| I think we disagree fundamentally about rights in this situation. It's their objects and it'll never be ours. We wouldn't let Egypt come into Britain unearth items and take them back to Egypt. Ultimately that they couldn't stop us makes it okay for you. For me that is just 'might is right'. In the story above the kid neglected his tablet. That doesn't make it mine if I want it. My nephew will often cry if I start playing with a toy despite him originally neglecting it. I give him his toy. Because it's his. If I found a childhood toy in a friend's backyard I wouldn't walk off with it. It's still his. Should he die it would belong to his estate. When these objects were taken, most of the time laws were broken. No one questions this. Occasionally it was just bullied away.
Sometimes it was just stolen. People are still stealing objects from other countries. And it is wrong no matter how much they think they would value it more. [0] [0] https://www.bbc.co.uk/news/uk-england-somerset-61274804 |
Modern Egyptians don't have anything in common with ancient Egyptians. The artifacts found were in places long abandoned and forgotten, sometimes in places looted in antiquity. Sometimes in the middle of the desert. I don't understand what laws you think were broken. The British didn't raid any museums or enter people's homes (in so much as dig beneath them where the people had NO idea anything was there). They actually built the museums in Cairo where these artifacts are stored. Is there a proportion of artifacts that were taken from Egyptians, possibly stolen by the British? Absolutely. But the modern Egyptians owning those artifacts have so little in common with the ancient Egyptians that their own possession comes from theft anyway. The difference is the British used them for archeological purposes that gave the artifact a different value. There is so little claim to genealogical ancestry by modern Egyptians that its preposterous to even have this conversation from. Especially when they've been looting and smashing grave sites since antiquity. [0] The history of ancient Egypt is the history of the World at this point.
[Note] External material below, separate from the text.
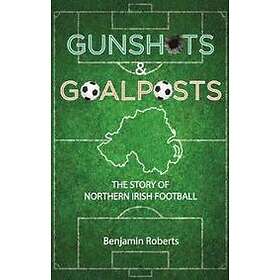 Gunshots & Goalposts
But its within the interests of Egypt As The State to safeguard its treasures because they derive their (quite profitable) national identity from it.
[0]https://nyupress.org/9781479820078/a-physician-on-the-nile/
FWIW, archeological expeditions happen in foreign countries all the time, and the ownership of found objects is pretty clearly negotiated before a dig site is even planned. It would be fucking stupid for a university to finance a trip where it actually can't possess or at least lease out the items it finds. Obviously, in countries embattled by instability and corruption it's much harder to fairly negotiate the status of artifacts, like in the article you linked.